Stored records

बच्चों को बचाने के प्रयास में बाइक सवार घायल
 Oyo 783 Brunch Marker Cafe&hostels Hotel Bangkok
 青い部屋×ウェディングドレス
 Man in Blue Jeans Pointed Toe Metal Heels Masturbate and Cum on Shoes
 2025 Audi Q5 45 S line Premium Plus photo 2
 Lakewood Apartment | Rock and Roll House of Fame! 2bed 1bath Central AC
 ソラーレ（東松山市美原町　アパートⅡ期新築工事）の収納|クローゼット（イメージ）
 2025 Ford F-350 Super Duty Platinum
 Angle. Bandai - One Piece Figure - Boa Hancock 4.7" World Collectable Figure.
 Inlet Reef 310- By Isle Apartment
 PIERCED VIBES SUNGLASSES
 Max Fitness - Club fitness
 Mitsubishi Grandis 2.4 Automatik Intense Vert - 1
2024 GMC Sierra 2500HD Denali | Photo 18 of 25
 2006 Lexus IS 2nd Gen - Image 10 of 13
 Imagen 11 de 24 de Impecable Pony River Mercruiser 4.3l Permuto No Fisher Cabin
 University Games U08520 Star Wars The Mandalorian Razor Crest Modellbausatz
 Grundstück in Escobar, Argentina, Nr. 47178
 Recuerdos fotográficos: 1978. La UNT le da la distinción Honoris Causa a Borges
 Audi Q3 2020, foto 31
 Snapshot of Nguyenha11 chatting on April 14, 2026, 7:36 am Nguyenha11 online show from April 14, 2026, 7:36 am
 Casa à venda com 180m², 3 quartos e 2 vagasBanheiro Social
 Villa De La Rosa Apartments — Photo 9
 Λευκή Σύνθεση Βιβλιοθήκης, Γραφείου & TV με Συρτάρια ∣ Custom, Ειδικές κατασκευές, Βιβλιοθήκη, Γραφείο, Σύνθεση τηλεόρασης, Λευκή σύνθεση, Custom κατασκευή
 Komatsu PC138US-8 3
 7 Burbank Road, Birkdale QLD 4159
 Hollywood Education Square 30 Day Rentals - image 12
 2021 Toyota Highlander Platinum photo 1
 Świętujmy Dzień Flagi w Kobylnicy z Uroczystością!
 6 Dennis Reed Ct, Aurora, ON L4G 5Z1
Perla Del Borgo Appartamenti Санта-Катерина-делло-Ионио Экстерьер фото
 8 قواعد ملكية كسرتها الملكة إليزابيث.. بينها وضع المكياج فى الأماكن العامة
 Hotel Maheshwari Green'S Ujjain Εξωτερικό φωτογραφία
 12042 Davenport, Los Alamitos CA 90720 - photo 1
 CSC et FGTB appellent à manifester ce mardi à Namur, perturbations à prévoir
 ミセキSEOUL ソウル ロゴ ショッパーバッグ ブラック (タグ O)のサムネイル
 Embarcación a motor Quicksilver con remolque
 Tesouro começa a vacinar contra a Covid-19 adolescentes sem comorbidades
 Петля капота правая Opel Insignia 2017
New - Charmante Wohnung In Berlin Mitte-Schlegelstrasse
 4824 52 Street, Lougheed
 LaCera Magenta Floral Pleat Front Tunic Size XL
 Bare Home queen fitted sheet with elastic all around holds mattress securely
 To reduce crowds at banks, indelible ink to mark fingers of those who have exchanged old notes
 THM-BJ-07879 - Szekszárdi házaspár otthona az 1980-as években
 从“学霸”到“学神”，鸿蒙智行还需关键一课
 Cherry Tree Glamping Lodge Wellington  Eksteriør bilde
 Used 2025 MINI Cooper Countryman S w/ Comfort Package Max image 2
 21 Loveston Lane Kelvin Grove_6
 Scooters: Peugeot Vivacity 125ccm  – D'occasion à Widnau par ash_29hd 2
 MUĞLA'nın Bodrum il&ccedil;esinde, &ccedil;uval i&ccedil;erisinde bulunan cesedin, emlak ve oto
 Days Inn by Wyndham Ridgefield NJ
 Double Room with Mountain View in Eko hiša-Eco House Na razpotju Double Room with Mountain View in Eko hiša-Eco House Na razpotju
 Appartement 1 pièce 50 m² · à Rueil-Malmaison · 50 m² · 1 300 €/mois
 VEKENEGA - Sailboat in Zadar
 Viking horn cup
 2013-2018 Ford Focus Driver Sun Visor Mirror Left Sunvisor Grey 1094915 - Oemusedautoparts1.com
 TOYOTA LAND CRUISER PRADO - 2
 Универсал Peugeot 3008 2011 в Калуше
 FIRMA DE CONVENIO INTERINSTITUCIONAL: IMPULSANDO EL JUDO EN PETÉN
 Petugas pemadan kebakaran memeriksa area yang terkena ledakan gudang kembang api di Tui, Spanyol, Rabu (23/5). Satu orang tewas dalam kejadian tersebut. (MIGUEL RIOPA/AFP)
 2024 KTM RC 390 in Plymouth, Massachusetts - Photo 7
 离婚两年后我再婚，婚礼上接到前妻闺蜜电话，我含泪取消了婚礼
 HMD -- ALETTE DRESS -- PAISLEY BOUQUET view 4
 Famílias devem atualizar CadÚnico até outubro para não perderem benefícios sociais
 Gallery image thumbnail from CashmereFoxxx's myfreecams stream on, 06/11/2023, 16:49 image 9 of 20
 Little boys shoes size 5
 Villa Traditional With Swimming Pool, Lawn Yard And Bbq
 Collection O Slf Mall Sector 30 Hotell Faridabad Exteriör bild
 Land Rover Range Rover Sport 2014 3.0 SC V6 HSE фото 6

Work required:
Would you copy, unchanged, the stretch of the records above that begins at the line containing "2021 Toyota Highlander Platinum photo 1" and ends at the line containing "Days Inn by Wyndham Ridgefield NJ", and only that?

The completed task:
 2021 Toyota Highlander Platinum photo 1
 Świętujmy Dzień Flagi w Kobylnicy z Uroczystością!
 6 Dennis Reed Ct, Aurora, ON L4G 5Z1
Perla Del Borgo Appartamenti Санта-Катерина-делло-Ионио Экстерьер фото
 8 قواعد ملكية كسرتها الملكة إليزابيث.. بينها وضع المكياج فى الأماكن العامة
 Hotel Maheshwari Green'S Ujjain Εξωτερικό φωτογραφία
 12042 Davenport, Los Alamitos CA 90720 - photo 1
 CSC et FGTB appellent à manifester ce mardi à Namur, perturbations à prévoir
 ミセキSEOUL ソウル ロゴ ショッパーバッグ ブラック (タグ O)のサムネイル
 Embarcación a motor Quicksilver con remolque
 Tesouro começa a vacinar contra a Covid-19 adolescentes sem comorbidades
 Петля капота правая Opel Insignia 2017
New - Charmante Wohnung In Berlin Mitte-Schlegelstrasse
 4824 52 Street, Lougheed
 LaCera Magenta Floral Pleat Front Tunic Size XL
 Bare Home queen fitted sheet with elastic all around holds mattress securely
 To reduce crowds at banks, indelible ink to mark fingers of those who have exchanged old notes
 THM-BJ-07879 - Szekszárdi házaspár otthona az 1980-as években
 从“学霸”到“学神”，鸿蒙智行还需关键一课
 Cherry Tree Glamping Lodge Wellington  Eksteriør bilde
 Used 2025 MINI Cooper Countryman S w/ Comfort Package Max image 2
 21 Loveston Lane Kelvin Grove_6
 Scooters: Peugeot Vivacity 125ccm  – D'occasion à Widnau par ash_29hd 2
 MUĞLA'nın Bodrum il&ccedil;esinde, &ccedil;uval i&ccedil;erisinde bulunan cesedin, emlak ve oto
 Days Inn by Wyndham Ridgefield NJ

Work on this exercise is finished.